Whenever you can get a double benefit from something, it’s worth a closer look. Protecting water resources and generating renewable energy are both important—and increasingly publicized—goals. A relatively simple and already-existing technology can do both things at once. But are there drawbacks?
Several years ago, you might recall, Los Angeles deployed “shade balls” to cover various of its reservoirs. The idea was that the small black plastic balls would slow evaporation, prevent the formation of algae, keep at least some dust and debris from settling on the water, and deter birds and other wildlife from splashing about in it. (They’re also known as “bird balls,” and something similar has been used near airports to keep birds away from lakes close to the runways.) They were also supposed to prevent the chemical reaction in which chlorine in the water, when exposed to sunlight, produces bromate, a potential carcinogen.
Critics at the time noted that the water and energy needed to manufacture the balls might be greater than the amount of water they could possibly save. But open bodies of water that are used as a source of drinking water generally must be covered in some way. Los Angeles has since replaced the balls on most of its reservoirs with more traditional floating covers, although a few remain in place.
There’s a different kind of cover, however, that can serve the same general purpose and then some: floating solar panels. The panels are becoming less expensive and are now commonplace on roofs and on solar farms in many parts of the country.

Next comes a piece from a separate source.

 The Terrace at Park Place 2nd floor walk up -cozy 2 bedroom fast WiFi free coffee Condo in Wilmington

Scientists at the National Renewable Energy Laboratory say that if we put floating photovoltaic panels (inevitably dubbed “floatovoltaics”) on a quarter of the country’s reservoirs, we could generate 10% of our power. (For comparison, in 2017, solar power accounted for just under 2% of US needs.)

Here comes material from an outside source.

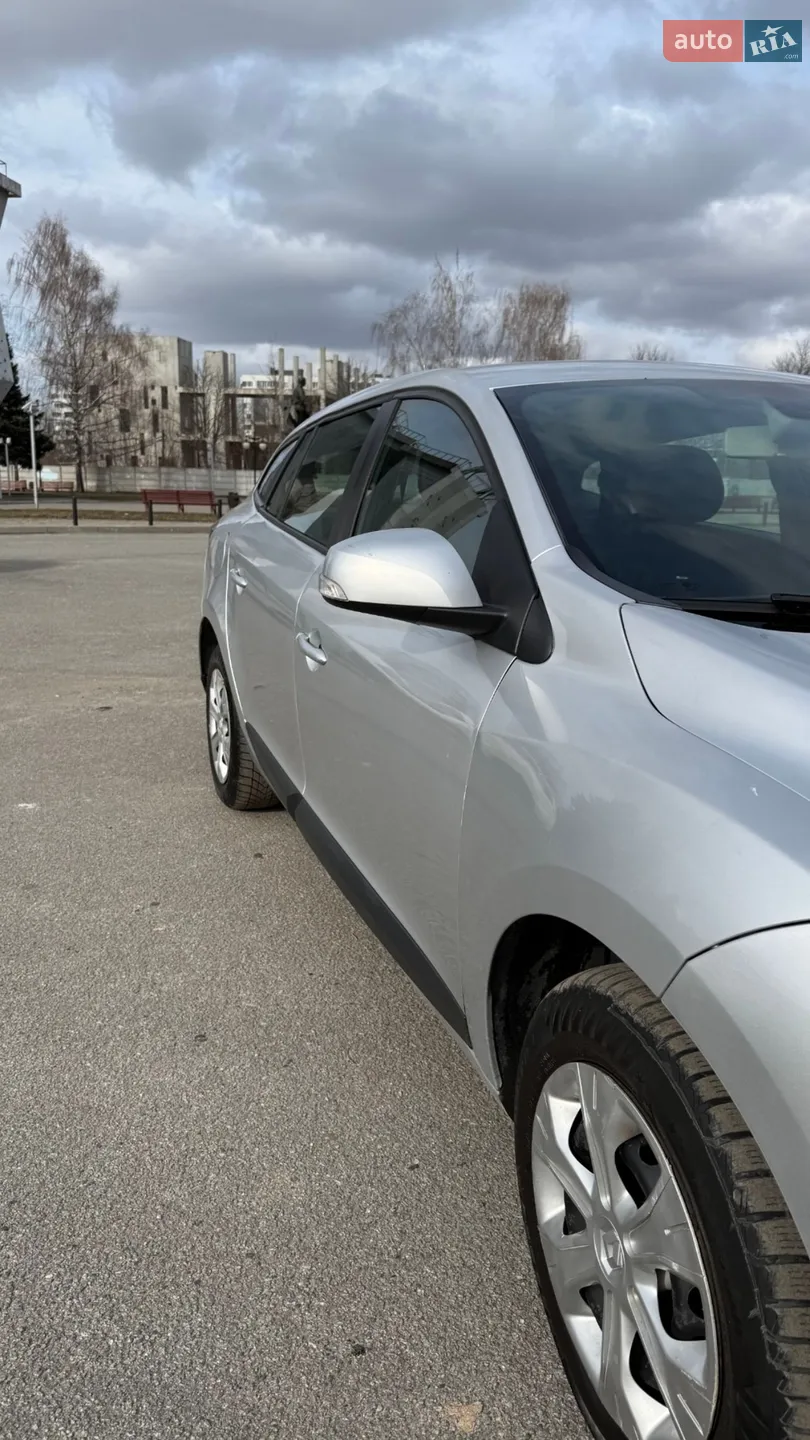 2010 Renault Megane - мініатюра 4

Although the technology has been in use for more than a decade—and although the first floating voltaic system was installed in the US—today just seven of the roughly 100 systems deployed worldwide are in this country. Japan has about 80%; the relative lack of open space for solar farms has been an incentive to adopt them.

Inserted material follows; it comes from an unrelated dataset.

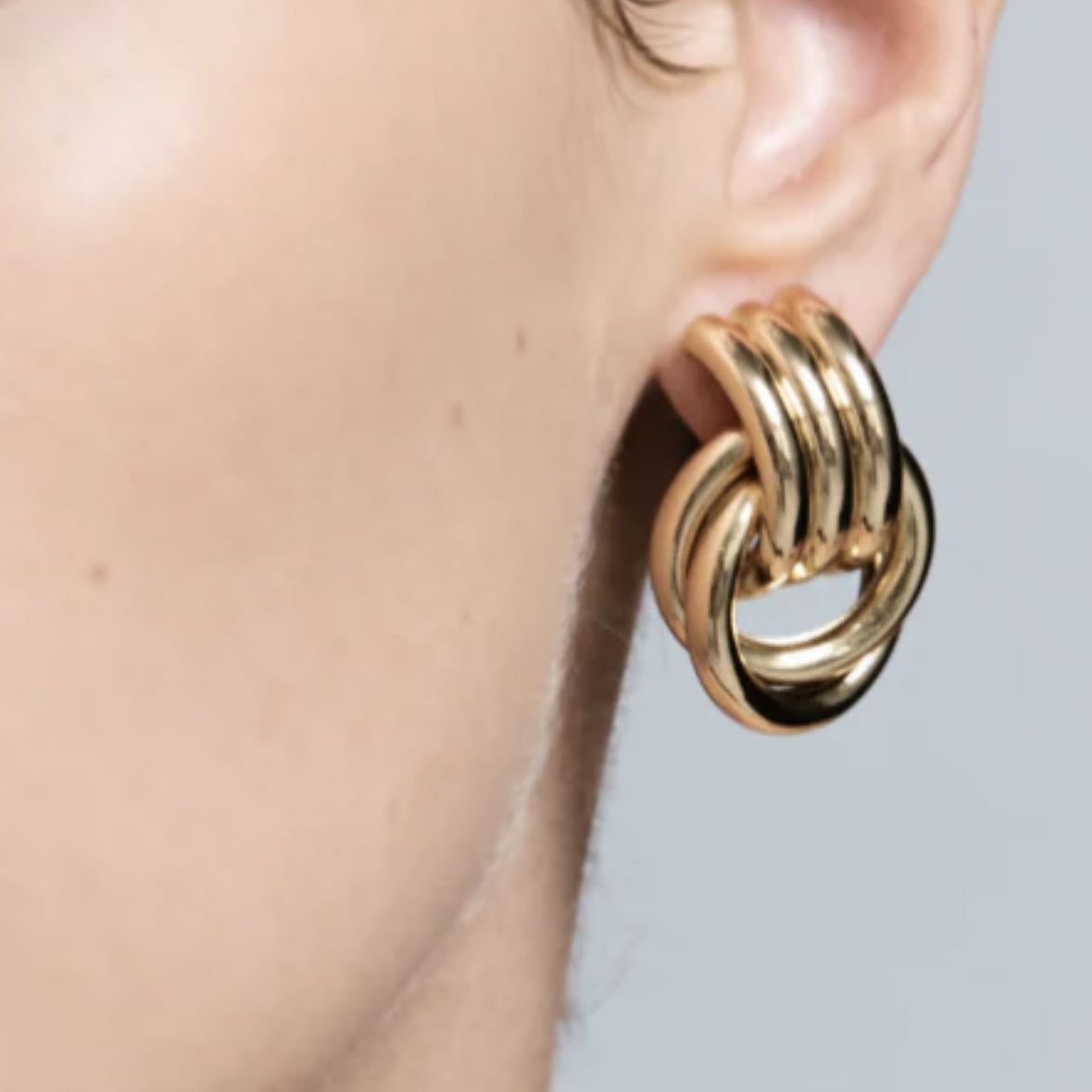 Mini Knot Gold €79.95 - Heaven Mayhem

Because the water helps keep the systems cool, floating solar panels are up to 22% more efficient than land-based ones. But the floating systems have some potential drawbacks as well. Accessing and maintaining them would be trickier than maintaining land-based photovoltaic panels. Some scientists have voiced reservations about how the systems would affect wildlife, although this would be more of a concern if they were placed on natural bodies of water rather than on drinking water reservoirs, which must have some sort of cover in any case. How to pay for them, how to connect them to existing transmission lines, and how to allocate the profits from the energy they produce are all questions to be worked out.
An engineer quoted in the article above says, “When you have fairly decent-sized companies that have installed two to three floatovoltaic systems, that will pull in other companies. I think it’ll only be a couple years before floatovolatics are commonplace.” Have you seen any of the current floating photovoltaic systems? (Most in the US are in California and New Jersey.) Do you think the technology will take off? Is it time to invest?